I nod, anger firing my blood as I launch into the entire story. How he saved me from the potential purse-snatchers, though I don’t mention where I went. Why I keep my visit to the amusement park a secret, I’m not sure, but I don’t really want a lecture about moving too fast. So I keep it to myself, burying yet another dirty little secret deep inside.

Stupid.

Dr. Harris remains quiet as I talk, eventually abandoning her tablet to concentrate solely on me. I pour out my heart, as hard as it is to do. I tell her how I felt instantly connected to Ethan as we talked over coffee, that he asked me to text him when I arrived home so he’d know I was safe and we exchanged cell numbers. That we even met for dinner.

How I haven’t heard from him since and it’s been over a week.

“You feel abandoned,” she states after I finish my story.

“Of course, I do.” I throw my hands up, giving her the universal duh expression. “For the first time in my adult life I show interest in a guy, actually go out on what I thought was a date with a man. I thought he liked me, too. He said he would call me. And he hasn’t.”

The pain from Ethan’s apparent rejection is almost unbearable and I hate that I’m so focused on it. I know it’s silly and I feel like a dumb teenage girl, but I thought . . . I truly thought he liked me.

Dr. Harris sets her iPad on a nearby table and folds her hands in her lap. “Who does Ethan remind you of?”

I frown. “What do you mean?”

“How he’s treating you. Does his behavior remind you of anyone?” She’s prodding.
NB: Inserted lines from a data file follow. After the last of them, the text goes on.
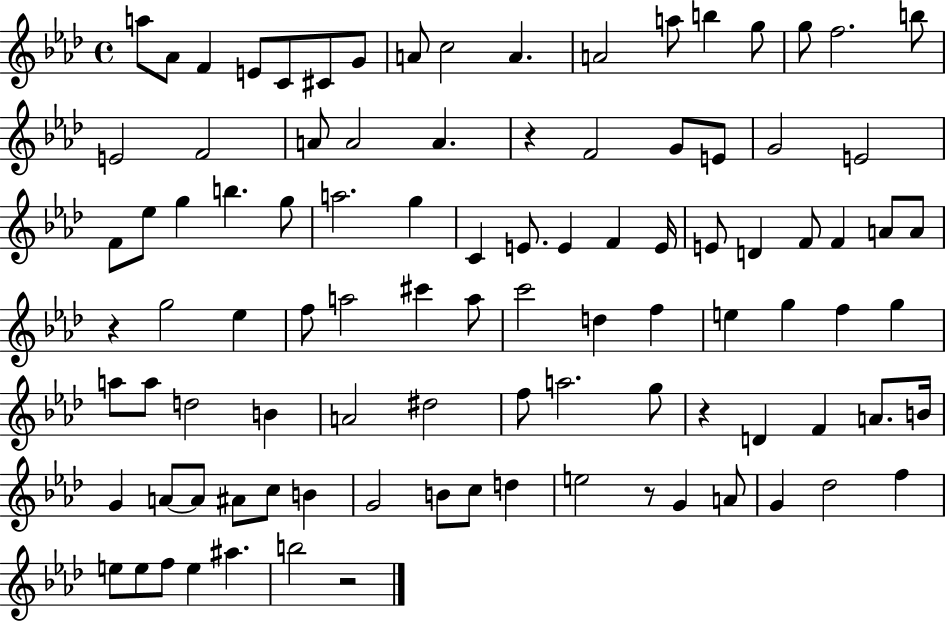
{
  \clef treble
  \time 4/4
  \defaultTimeSignature
  \key aes \major
  a''8 aes'8 f'4 e'8 c'8 cis'8 g'8 | a'8 c''2 a'4. | a'2 a''8 b''4 g''8 | g''8 f''2. b''8 | \break e'2 f'2 | a'8 a'2 a'4. | r4 f'2 g'8 e'8 | g'2 e'2 | \break f'8 ees''8 g''4 b''4. g''8 | a''2. g''4 | c'4 e'8. e'4 f'4 e'16 | e'8 d'4 f'8 f'4 a'8 a'8 | \break r4 g''2 ees''4 | f''8 a''2 cis'''4 a''8 | c'''2 d''4 f''4 | e''4 g''4 f''4 g''4 | \break a''8 a''8 d''2 b'4 | a'2 dis''2 | f''8 a''2. g''8 | r4 d'4 f'4 a'8. b'16 | \break g'4 a'8~~ a'8 ais'8 c''8 b'4 | g'2 b'8 c''8 d''4 | e''2 r8 g'4 a'8 | g'4 des''2 f''4 | \break e''8 e''8 f''8 e''4 ais''4. | b''2 r2 | \bar "|."
}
Fishing. I’m supposed to figure this out on my own because she’s already put it all together.

We’re quiet as I mull over her question. The minute it clicks, I don’t want to admit it. “My father,” I confess reluctantly.

“That you realize this so quickly is good,” she says, sounding pleased. “You’re making progress.”

Here we go. “I suppose.”

“Beyond his looks—he is handsome, I assume?” When I nod she continues. “What else attracted you to him? How he jumped in and protected you without hesitation?”
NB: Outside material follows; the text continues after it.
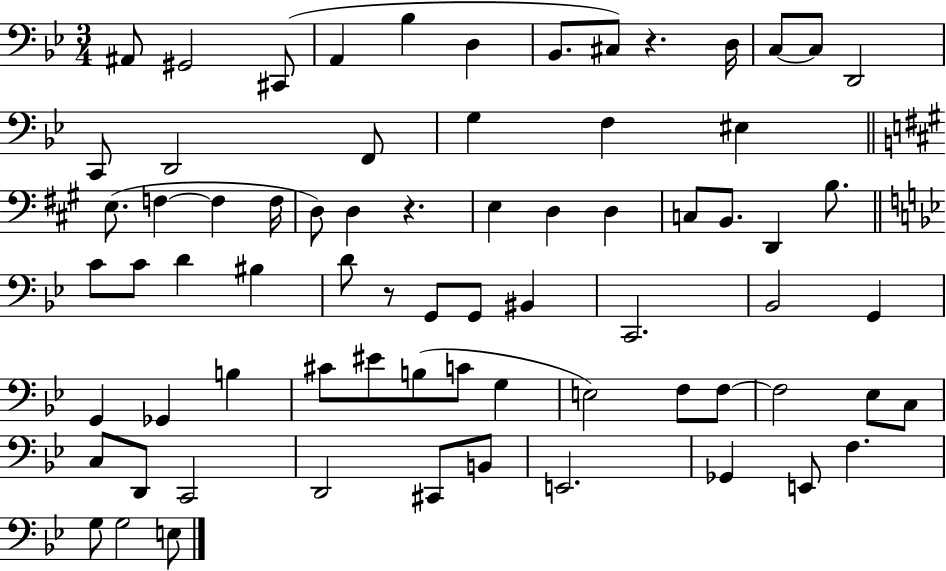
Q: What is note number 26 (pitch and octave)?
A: D3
Yes. Absolutely. But that trait is nothing like my father, considering he did nothing to protect me after everything that happened.

“He became your hero. And I think you’d like one. You want a hero.”

I had a hero. My father was my hero throughout my childhood. For a very brief, very dark period of my life, Will Monroe became my hero. I craved his attention, so much that I think I drove him away. And now . . . what? Ethan is my new hero?

Ridiculous.

“I don’t want a hero,” I retort.

“But you like it when someone steps in and rescues you,” she points out, and I don’t deny it. I can’t. “Were you scared when those boys tried to take your purse?”

Terribly. All the fear had turned into something else when Ethan stepped in. Excitement. Arousal.

Shame washes over me. I don’t dare admit that. Do I?